Coalition members will help to establish partnerships that can make investment deals happen. They will also bring their collective abilities together to break down the technological and financial barriers which represent the last obstacles to Caribbean people grasping the transformational opportunities that are in reach.
Specifically, the Coalition’s work will focus on catalysing four initial critical priorities:
- Scale renewable energy as rapidly as possible to help free Caribbean countries from the high cost of imported fossil fuels and the high vulnerability of centralised distribution systems.
- Build low-carbon and resilient infrastructure including nature-based approaches, to better withstand future extreme weather events.

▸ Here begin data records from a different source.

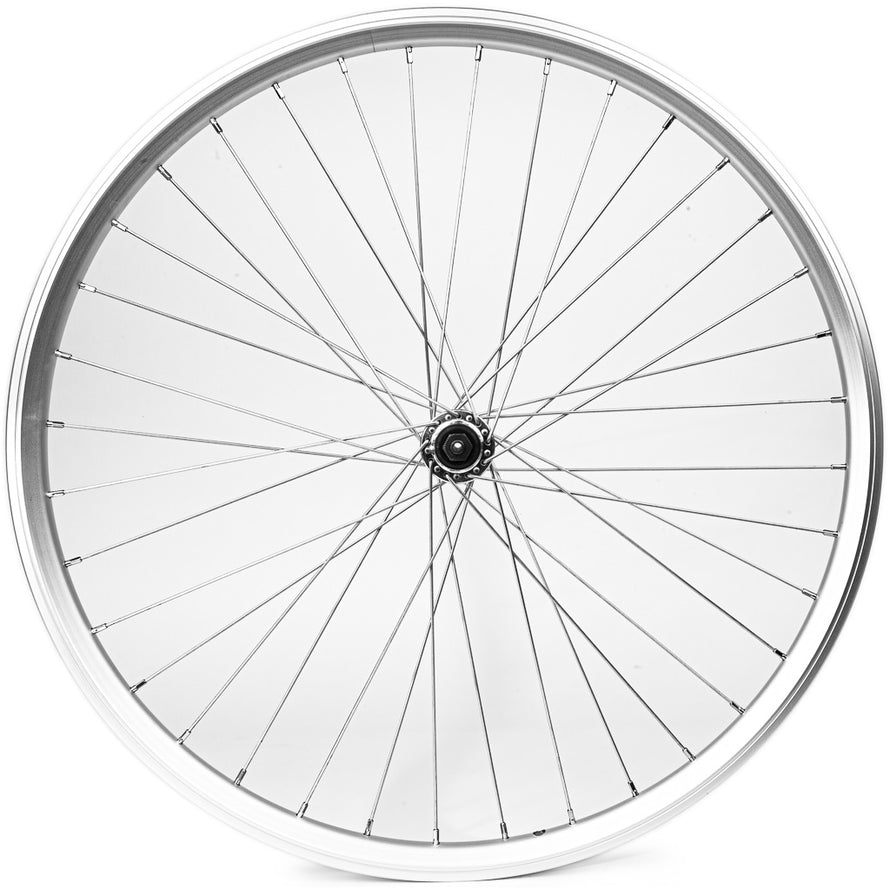 Roue avant vélo VTT 26 pouces FreeWay - #2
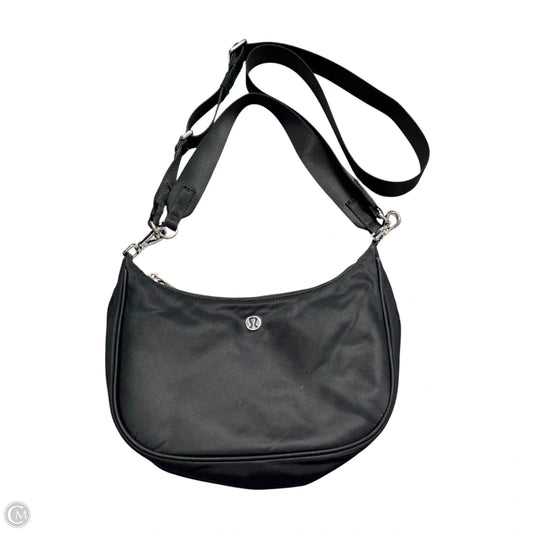 Crossbody By Lululemon, Size: Medium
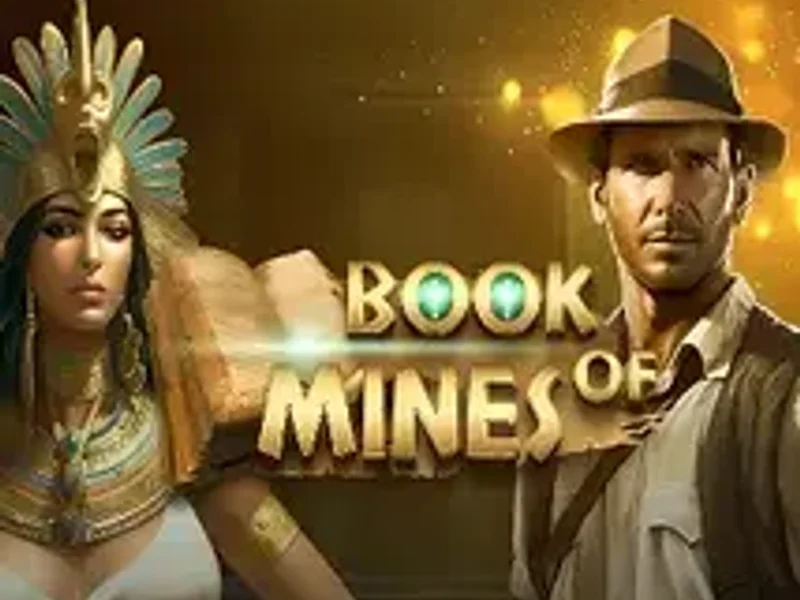 Book of Mines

- Create innovative financing models such as a debt-for-resilience swap initiative in exchange for demonstrated progress on policy reforms and investments to strengthen resilience and promote climate-smart growth pathways. Build platforms to help facilitate the large public and private investments required.
- Strengthen the capacity of Caribbean countries and key regional institutions to plan for long-term resilience and climate-smart growth strategies.
Prime Minister Keith Mitchell of Grenada, Chair of CARICOM, said: “Caribbean leaders have come together as a powerful collective to build a better future for the people of the Caribbean. We welcome the financial commitments from our partners – around US$1.3 billion for recovery efforts and US$2.8 billion toward the vision shared by all members of the Coalition and others.
Supported by funding and resources from the Inter-American Development Bank Group, the World Bank Group and the Caribbean Development Bank, a Caribbean Climate-Smart Accelerator with an estimated budget of $6 -10m for a three-year period is being established to catalyse billions of further public and private resources.
According to the Prime Minister Roosevelt Skerrit of Dominica, one of the hardest hit islands during the ravenous 2017 hurricane season, despite the immense human suffering and economic damage caused by the recent hurricanes, the people of the Caribbean do not want to be just passive victims of climate change. Rather, they want to be active participants in designing and implementing solutions, and for their Caribbean region to serve as a beacon of hope for island nations all over the world.
Indeed, these small island deveoping states can become more climate reslient when the right funding is made easily accessible to buffer the effects of climate change and are coming and will continue to come.
Warren Smith, President of the Caribbean Development Bank, said: “The destruction our Region experienced during the 2017 Atlantic Hurricane Season emphasises that we cannot afford to take a business-as-usual approach in tackling climate change. CDB, therefore, welcomes the establishment of the Caribbean Climate-Smart Coalition.”
This is a great first step. Now we need to turn this possibility into a set of realities that benefit all our people. We all need to work together to change the rules of the game to accelerate climate-smart financial flows for the Caribbean and other small island developing states. Together we can build thriving economies fuelled by clean energy, nature-based resilient design and innovation. The time for action is now.